Copyright Exceptions and Data Mining

On July 5^th, 2018, we had the opportunity to interview two esteemed individuals within the field of copyright—Dr. Jane Secker and Mr. Chris Morrison. Dr. Secker is a senior lecturer in educational development at City, University of London and Mr. Morrison is the copyright software licensing and information services policy manager at the University of Kent. Both Dr. Secker and Mr. Morrison sit on the Universities UK / GuildHE Copyright Negotiation and Advisory Committee and are co-founders of the UK Copyright Literacy blog.

To provide some context to their responses, two key elements about European law should be noted.
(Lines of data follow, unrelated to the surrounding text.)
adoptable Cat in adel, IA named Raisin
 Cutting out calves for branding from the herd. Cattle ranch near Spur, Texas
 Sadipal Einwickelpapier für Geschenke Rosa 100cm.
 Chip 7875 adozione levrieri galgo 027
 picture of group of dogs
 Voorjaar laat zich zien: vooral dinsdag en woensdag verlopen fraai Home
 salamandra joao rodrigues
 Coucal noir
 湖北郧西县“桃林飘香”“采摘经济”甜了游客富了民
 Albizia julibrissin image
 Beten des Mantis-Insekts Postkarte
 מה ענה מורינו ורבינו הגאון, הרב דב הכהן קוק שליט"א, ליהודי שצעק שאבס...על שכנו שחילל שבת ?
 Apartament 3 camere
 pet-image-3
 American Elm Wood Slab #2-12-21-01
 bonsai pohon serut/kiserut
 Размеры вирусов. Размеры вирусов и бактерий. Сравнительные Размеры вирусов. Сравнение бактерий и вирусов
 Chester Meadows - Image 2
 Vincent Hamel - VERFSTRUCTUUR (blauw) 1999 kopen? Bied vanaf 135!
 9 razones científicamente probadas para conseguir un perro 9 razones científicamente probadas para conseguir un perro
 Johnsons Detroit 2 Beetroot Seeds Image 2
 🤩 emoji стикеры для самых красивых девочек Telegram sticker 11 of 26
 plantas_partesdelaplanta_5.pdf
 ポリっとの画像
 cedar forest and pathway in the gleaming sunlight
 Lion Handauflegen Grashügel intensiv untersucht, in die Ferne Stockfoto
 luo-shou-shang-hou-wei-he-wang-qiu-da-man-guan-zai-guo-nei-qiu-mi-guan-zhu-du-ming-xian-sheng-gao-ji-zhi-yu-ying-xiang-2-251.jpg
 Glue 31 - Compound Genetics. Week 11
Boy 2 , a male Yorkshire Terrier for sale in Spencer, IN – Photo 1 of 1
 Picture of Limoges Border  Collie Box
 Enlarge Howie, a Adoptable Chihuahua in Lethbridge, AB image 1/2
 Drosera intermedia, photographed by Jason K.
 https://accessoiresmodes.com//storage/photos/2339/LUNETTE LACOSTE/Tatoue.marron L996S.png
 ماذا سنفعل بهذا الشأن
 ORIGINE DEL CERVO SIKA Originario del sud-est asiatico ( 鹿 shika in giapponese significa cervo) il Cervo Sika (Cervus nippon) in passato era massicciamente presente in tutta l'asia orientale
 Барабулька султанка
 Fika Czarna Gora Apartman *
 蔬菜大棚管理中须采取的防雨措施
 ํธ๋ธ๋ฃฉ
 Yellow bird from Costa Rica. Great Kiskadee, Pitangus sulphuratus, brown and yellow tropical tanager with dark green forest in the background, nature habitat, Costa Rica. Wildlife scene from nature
First, on June 1^st, 2014, an exception was made to UK copyright law through the implementation of the Copyright and Rights in Performances (Research, Education, Libraries and Archives) Regulations 2014. This included the removal of barriers for Text and Data Mining (TDM) for non-commercial purposes. Second, the European Union (EU) is in the process of modernizing its copyright laws, and recently had a vote on the proposal for a Directive of the European Parliament and of the Council on Copyright in the Digital Single Market, which was rejected and will be revisited in September of 2018.

We asked Dr. Secker and Mr. Morrison the following questions:

What are some examples of the kinds of data mining that researchers should legitimately be able to do?
What legal barriers stand in the way of this and, if you could, tell us about the proposed exception for TDM that’s proposed in Europe.
Given the current controversies about data mining by social media companies and political consulting companies, privacy issues have risen to prominence. How would the proposed copyright exception intersect with privacy law and what types of research would not be permitted given European privacy regulation?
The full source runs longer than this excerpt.